AR: How would the resurgence in Islamism affect our region?
JS: In a multitude of ways and primarily, as I said, by experiencing a resurgence in Islamism of the rabid kind. This would patent itself in acts of terror that would be extremely sophisticated and innovative to prophesise the least.
AR: You have painted an alarming scenario. How exactly would it manifest itself?
JS: Suicide bombing would be resolutely introduced in a region that has never earlier witnessed it. My analyses inform that the vanguard would be womenfolk! I had spent the days since suicide bombings took place in Bangladesh some years ago attempting to unearth the reasons for the phenomenon. The factor has become even more worrisome since women (as aforesaid) and infants on their laps were pioneering such acts.

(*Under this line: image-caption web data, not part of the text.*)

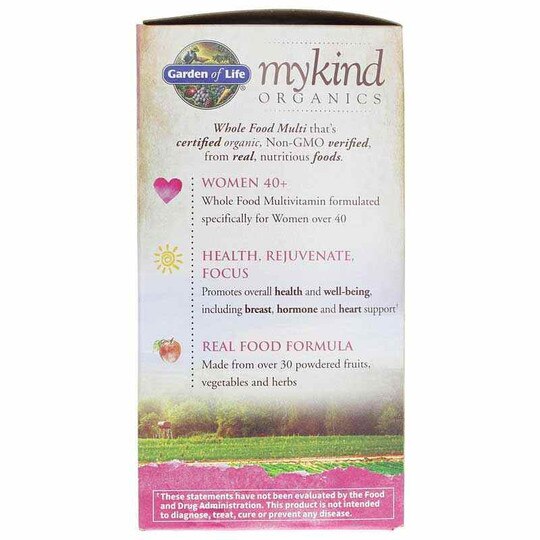 Women's Multi 40+ Whole Food Multivitamin, GOLM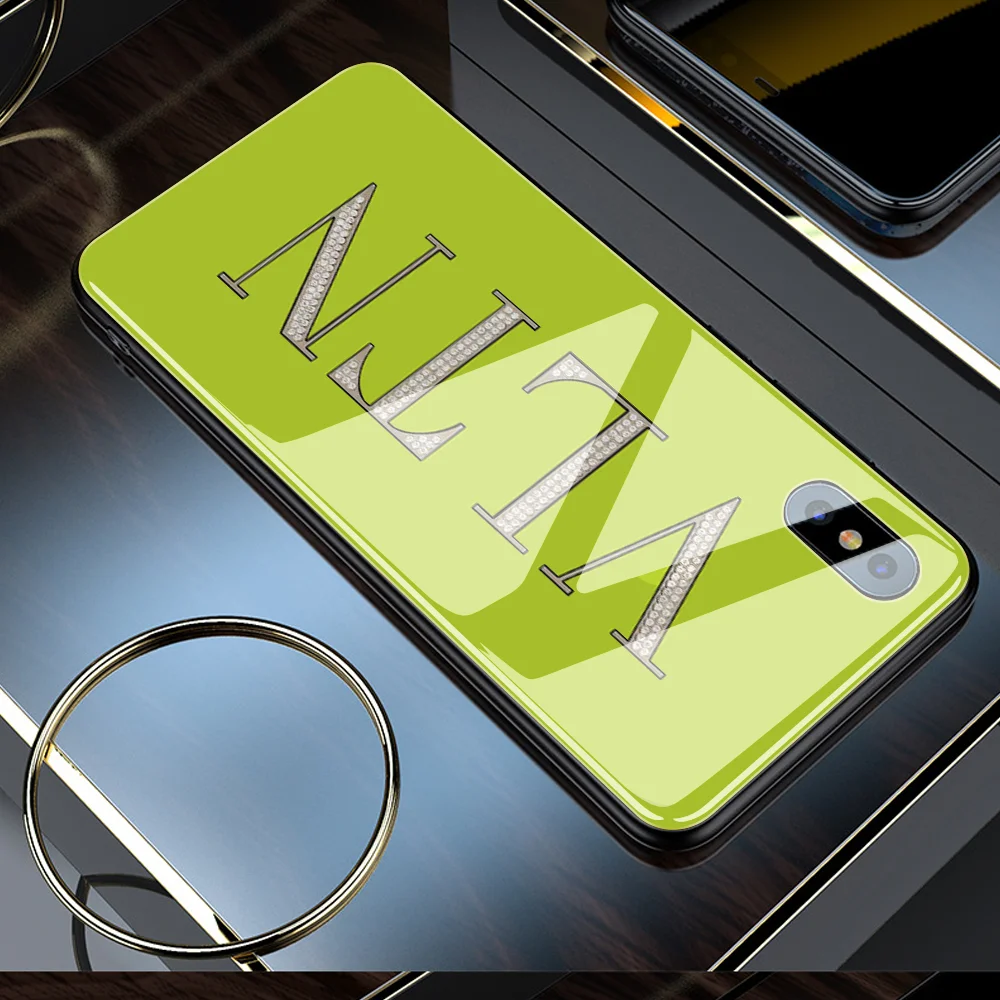 Стеклянный чехол для телефона iphone 11 Pro MAX XR X 7 Plus 6s 6 8 capa DIY ударопрочный стеклянный чехол для телефона iphone XS 5 5S SE на выбор - Цвет: 20592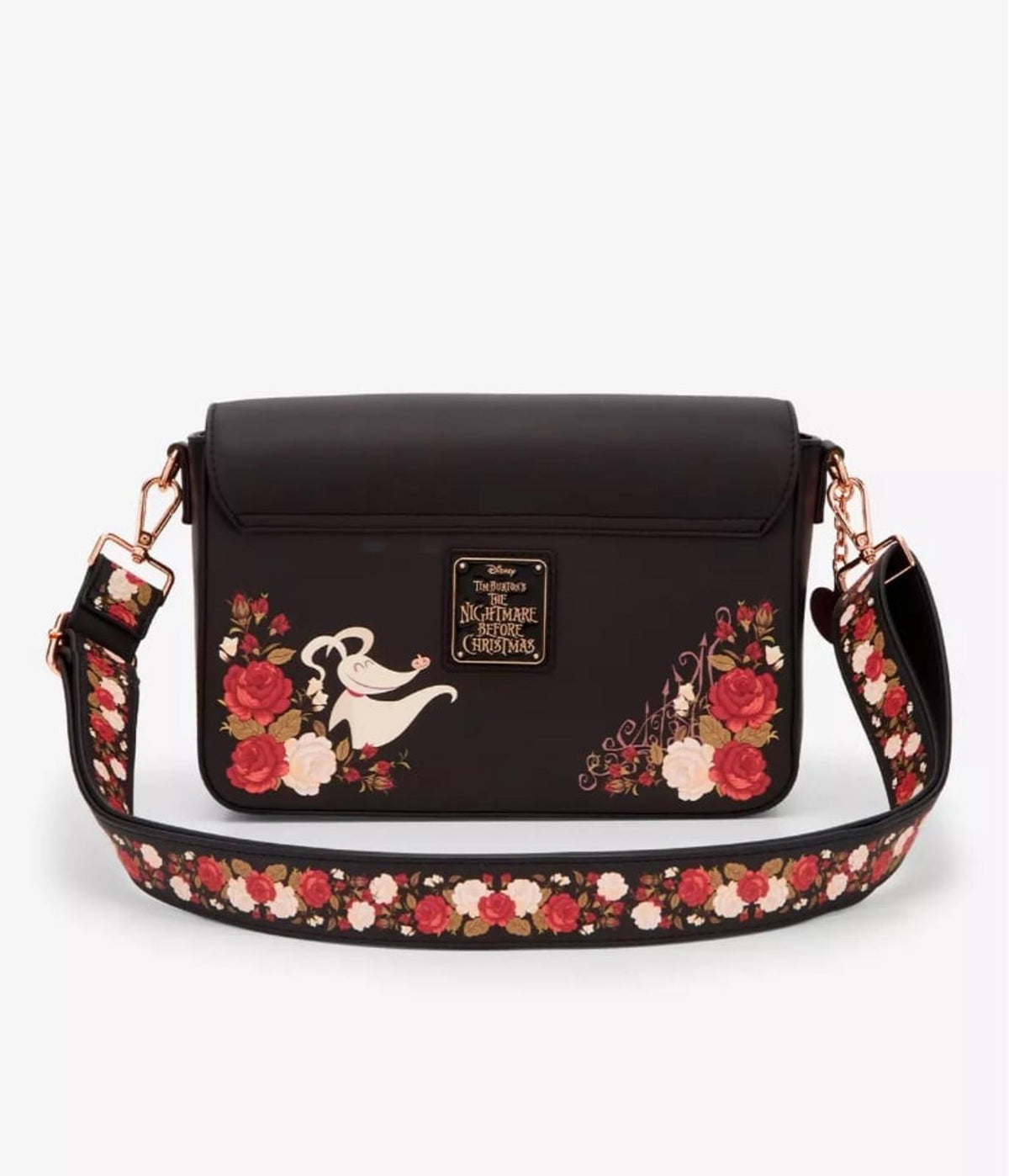 Loungefly Disney The Nightmare Before Christmas Foral Zero Crossbody Bag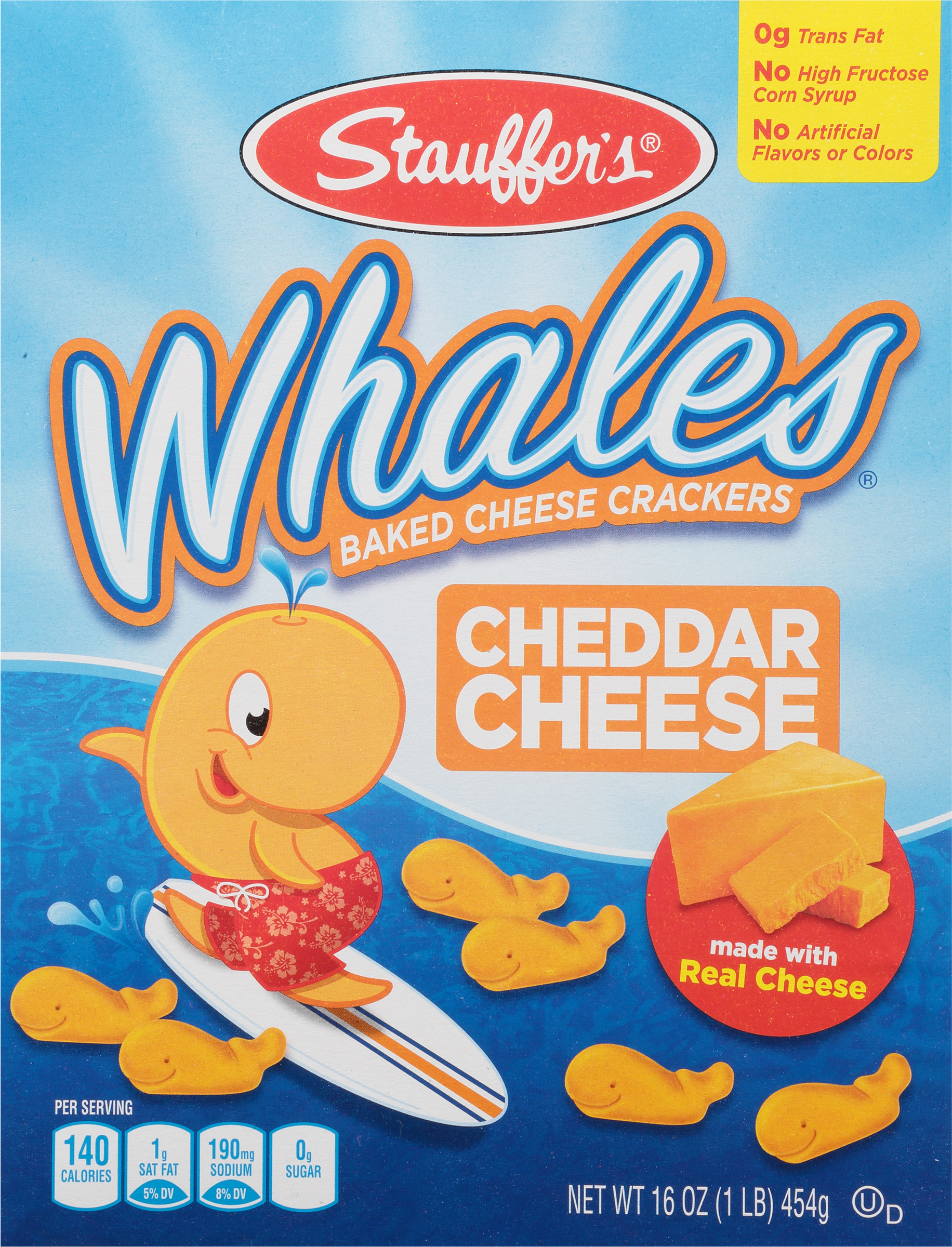 Crackers, Cheddar Cheese, Baked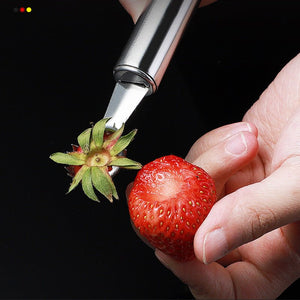 Stainless Steel Strawberry Stem Remover Creative Kitchen Gadgets - Zambeel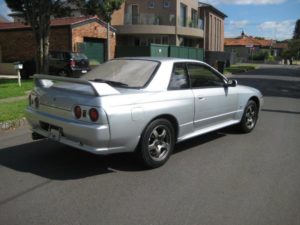 1993 R32 GTR silver right rear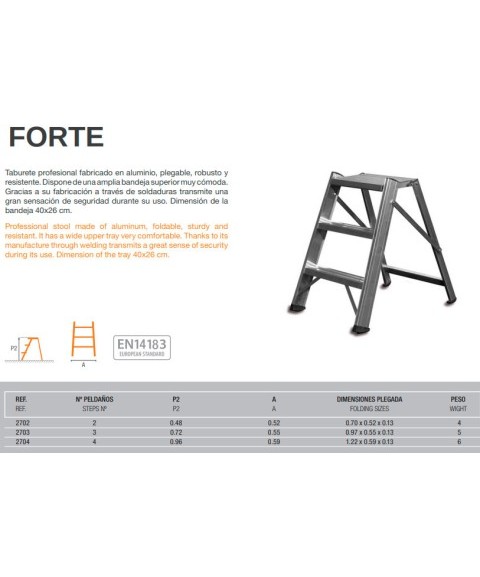Escalera Taburete FORTE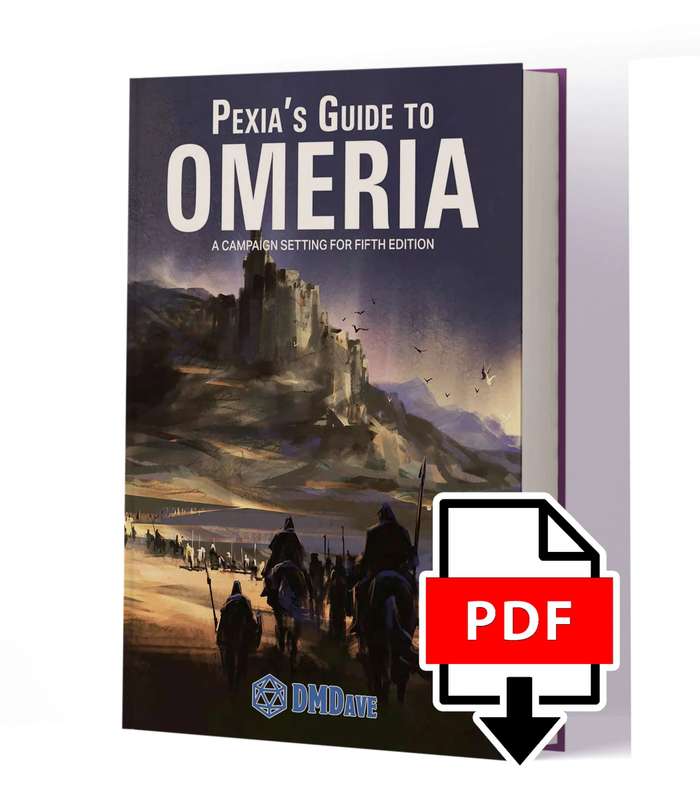 Legends of Omeria RPG Pexias Guide to Omeria 5E (RPGs)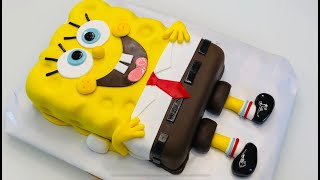 Spuzva Bob Torta - How To Make Spongebob Cake - Tutorial , Diy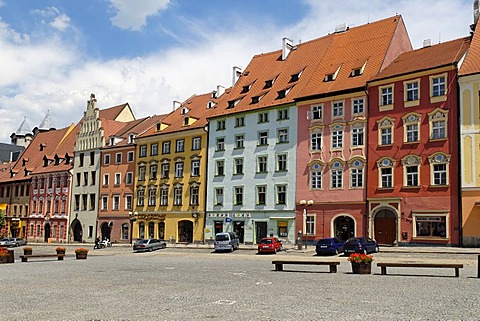 Historic old town of Cheb, Eger, west Bohemia, Czech Republik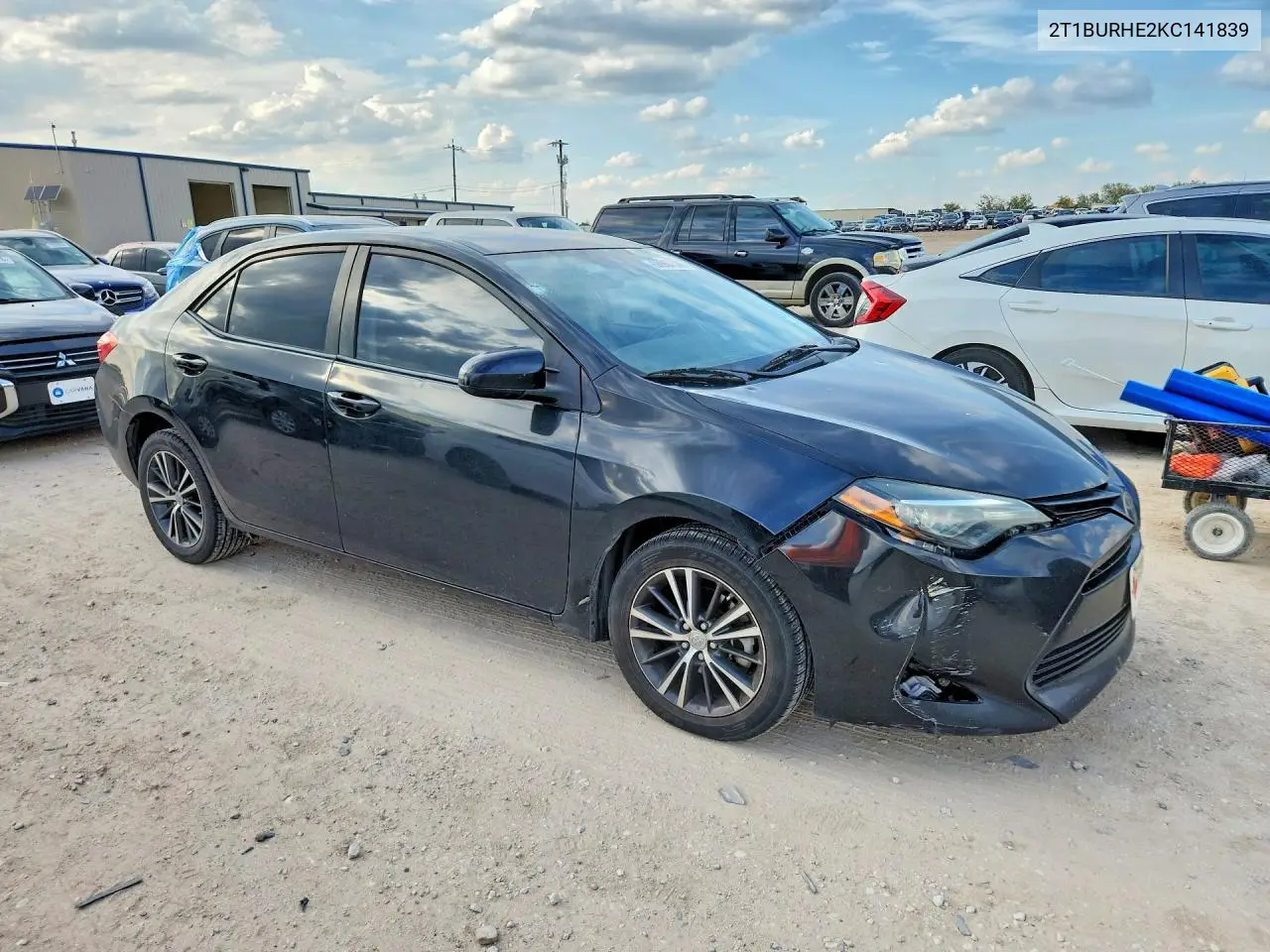 2019 TOYOTA COROLLA VIN 2T1BURHE2KC141839 — фото 4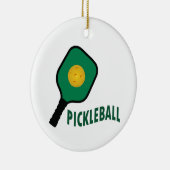 Pickleball Keramisch Ornament (Rechts)
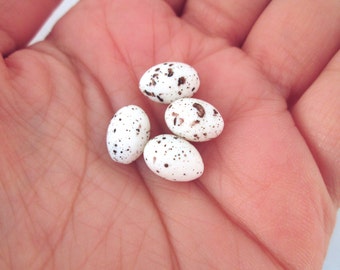 Tiny 3D Speckled Resin Egg Cabochons, Perfect for Dollhouses, #137a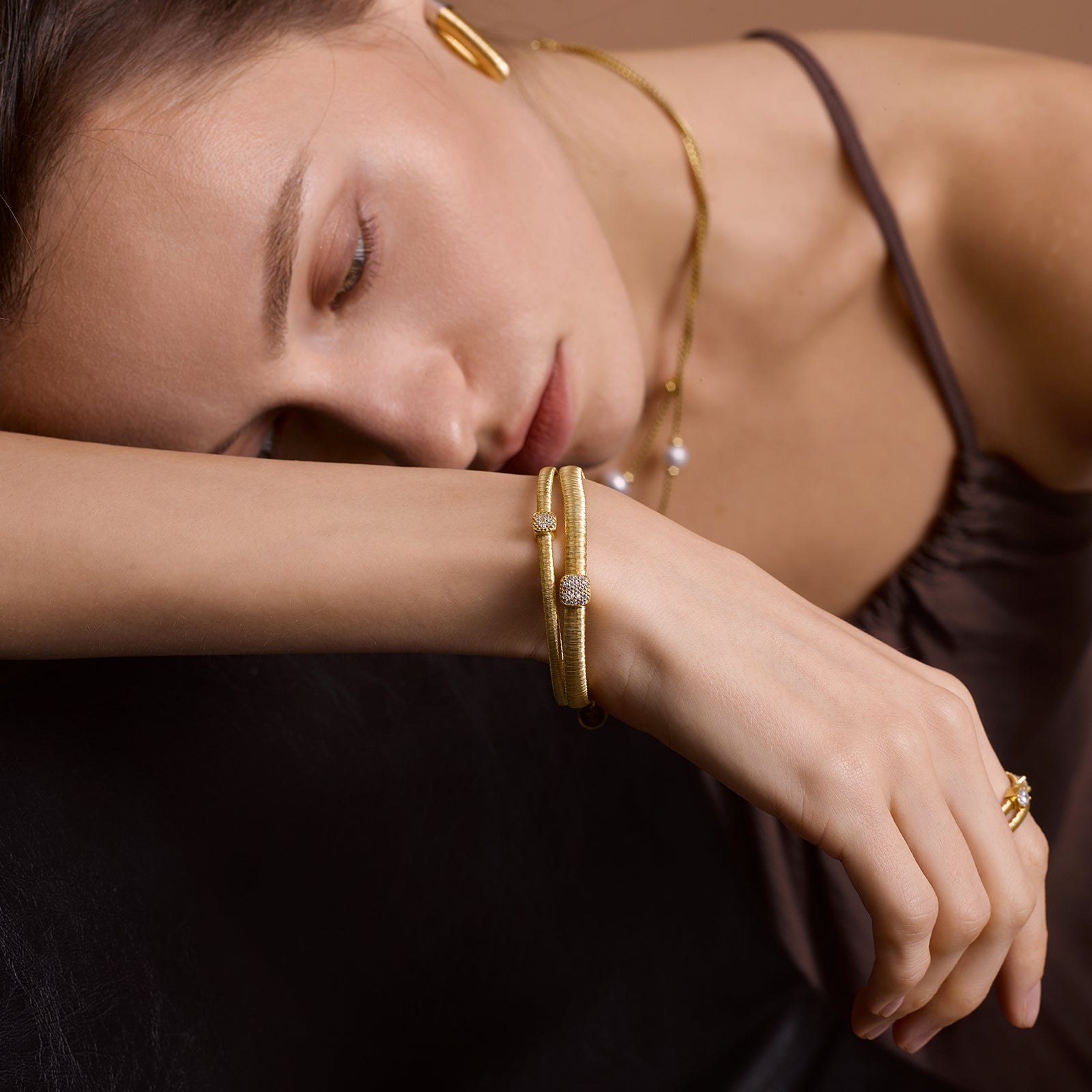 BLOOMVERE DOUBLE CUFF ADJUSTABLE BRACELET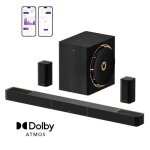 Ultimea barre de son - skywave x60 - syst�me surround 7. 1. 4ch pour home cin�ma - avec caisson de basse ...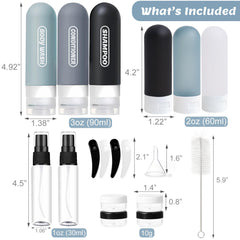 YNSHOUNA silicone travel bottles 90ml highlighting easy squeezing and soft material.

Serious communication with senior members of the intelligence community of Bangladesh elicited responses that male counter-parts are indoctrinating their wives, sisters and near ones in order to become suicide bombers. Also that their training area is not concentrated to a hub or one place only but it is diffused and dispersed around many areas, and that they are getting refuge in the neighbourhood including across the borders in India. Analyses that reported an LTTE component—a group that is in disarray—in Bangladesh was completely out-of-place. The prospect of active radicalisation and the likelihood of online technical “explosive” knowledge that was able to reach Bangladesh was more in line. After all where did a Bangladeshi housewife—despite the fact that she happened to be the spouse of an Islamist cadre suddenly construct up a bomb vest to blow herself up along with her infant and by standing security personnel?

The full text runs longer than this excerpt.